Know the dates, meal timings, locations and the number of people you are catering for. You need to know well in advance if people have any dietary requirements, this way you can have some time to plan a menu everyone can eat. Keeping your menu simple is also key, know exactly what you are going to put in every meal – especially when deities come into it – the last thing you want to do on a group adventure is accidentally make someone ill. This would save you the need to cook multiple meals for different people. Use recipes to help you with estimating quantities and always round up the number you are catering for to ensure you definitely have enough food. Also, think about the activities that you are doing – a group spending a day out in the hills will want to eat more food than you might think!

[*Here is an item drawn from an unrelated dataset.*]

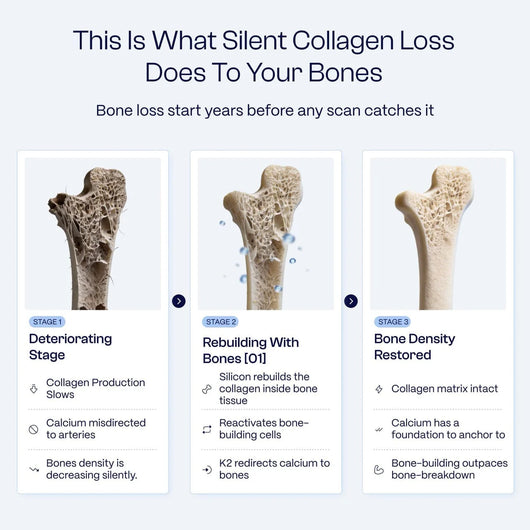Bones [01] - The Clinical Protocol That Rebuilds Bone Density From The Inside Out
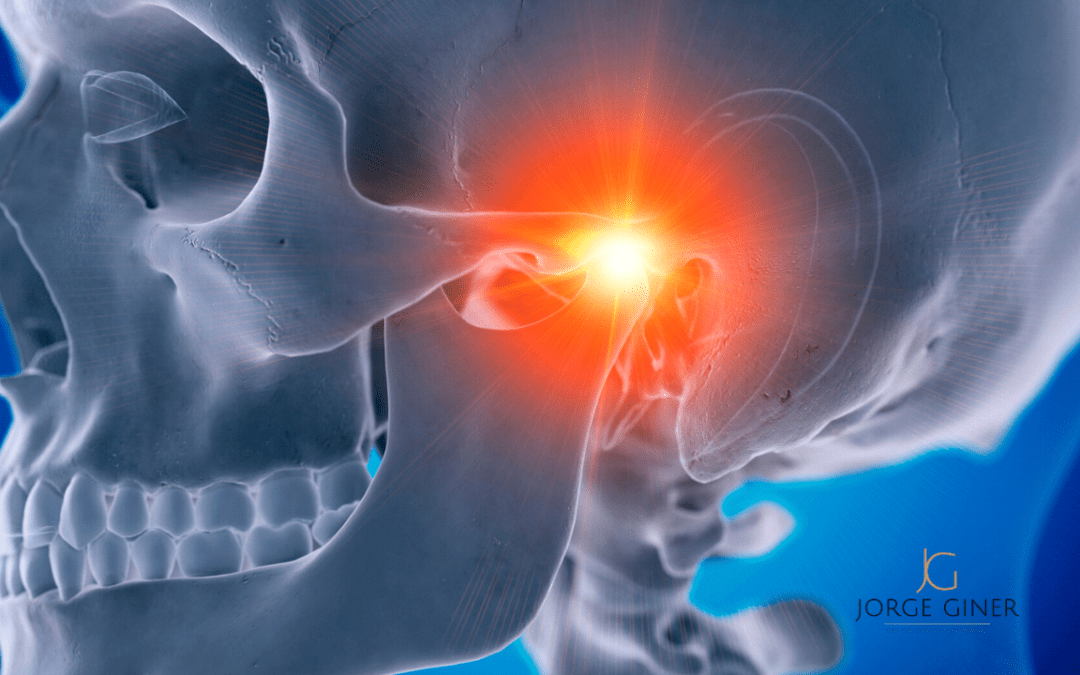 Osteoartrosis de la articulación temporo mandibular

Once you have the menu sorted for your trip, you need to plan what equipment you need to pull it off easily.

2- Equipment

Do your research before the trip. It’s a good idea to contact the venue for your trip and have a chat. Work out what equipment they have that you can use.

If you are camping, you should know the campsites regulations for campfires and gas cooking to ensure you have a safe field kitchen. You also need to work out how to refrigerate your food. Ask the campsite if they have a fridge you could use. You could take your own cool boxes or gas powered fridge or buy your food as you go – these are good ways of keeping food fresh and safe to eat.

If you are staying in a building, confirm if there are sufficient facilities. Fridge, stove, oven, pots/pans, utensils, crockery and cutlery should all be checked, you can always take your own equipment to make your life easier.

3- Shopping

Try not to leave this to the last minute to ensure you don’t forget anything and to avoid the disappointment of products being out of stock. Our favourite way of organising shopping is to order online. Get it delivered to the campsite or building a couple of hours after you are due to arrive. This way you can start your shopping list online as soon as you have planned your menu and quantities. A top tip though – make sure your campsite has mobile phone signal! We once had a problem where the driver wasn’t able to find us and couldn’t contact us, so he took the food back to the depot again! Not useful!

4- Preparation

If you don’t want to spend all day cooking, you could do some simple things before you leave to save time. Prepare all your vegetables – this will save you having to spend time peeling veg, chopping etc. Store in air-tight containers in the fridge. Prepare all your meat or you could buy already cubed meat. It may be a little more expensive, but it will definitely save you time! You could even cook your main meals before you go away and freeze them in bags or tubs to keep them fresh (you can then let them thaw in a coolbox, and they should take a day or so to defrost – so you won’t need a fridge!)

5- Teamwork

Ask for help! Especially if you are taking scouts or other youth groups away. It’s a brilliant opportunity for them to help and learn some skills, but also relieves you of some of the pressure and hard work too! Try having duty patrol or team, use a rota system to make sure everyone gets stuck in to help. They could also lay out the tables, help you chop ingredients, keeping an eye and stirring pans and even wash up too.

Our Experience

Once a year our Scout Group goes away on a ‘Group Camp’. This is when all sections attend a big camp, we often do a mix of section and group activities to build friendships across all of the sections. These camps are pretty big, and usually, I end up cooking for up to 150 people for the whole weekend (along with looking after both of my Beaver Colonies too!) So I try to make my life as simple as possible!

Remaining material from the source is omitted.